Field trip no. 19 from “Geologic Excursions to the Rocky Mountains and Beyond,” field trip guidebook of the 1996 Annual Meeting of the Geological Society of America. (SP-44 has the complete set.) 30 pages. Digital PDF download. OF-96-04-19D
From the Summary and Introduction:
The Laramie Mountains of southeastern Wyoming contain an exposed core of Precambrian rocks that range in age from greater than 2.7 Ga to 1.43 Ga. Rocks in the central part of the range are predominantly Archean granitic gneiss, metasedimentary rocks and greenstone (Snyder, 1984, 1986) that represent the southeastern-most exposures of the Wyoming Archean province.

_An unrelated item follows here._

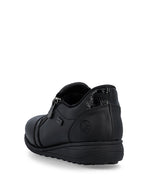 Rieker Classic Zip Shoe Black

In the southern parts of the range, Archean rocks were intruded ~1.43 Ga by the Laramie Anorthosite Complex and Sherman Granite (Fig. 1). However, recent radiometric dating in the central Laramie Mountains has also identified Early Proterozoic ages of -2.01 Ga for widespread mafic dikes and local granitic plutons that intruded the Archean rocks. Deformation features and fabrics within these Early Proterozoic units and comparable features in their Archean host rocks indicate that the southeastern margin of the Wyoming Archean province sustained a complex history of thick-skinned deformation at mid-crustal levels during at least two periods of Early Proterozoic deformation. This field trip examines evidence for the Early Proterozoic deformation and considers the relationship of deformation features to the Trans-Hudson orogen, Cheyenne belt suture, and Central Plains orogen that mark the boundaries of this southeastern margin of the Wyoming province.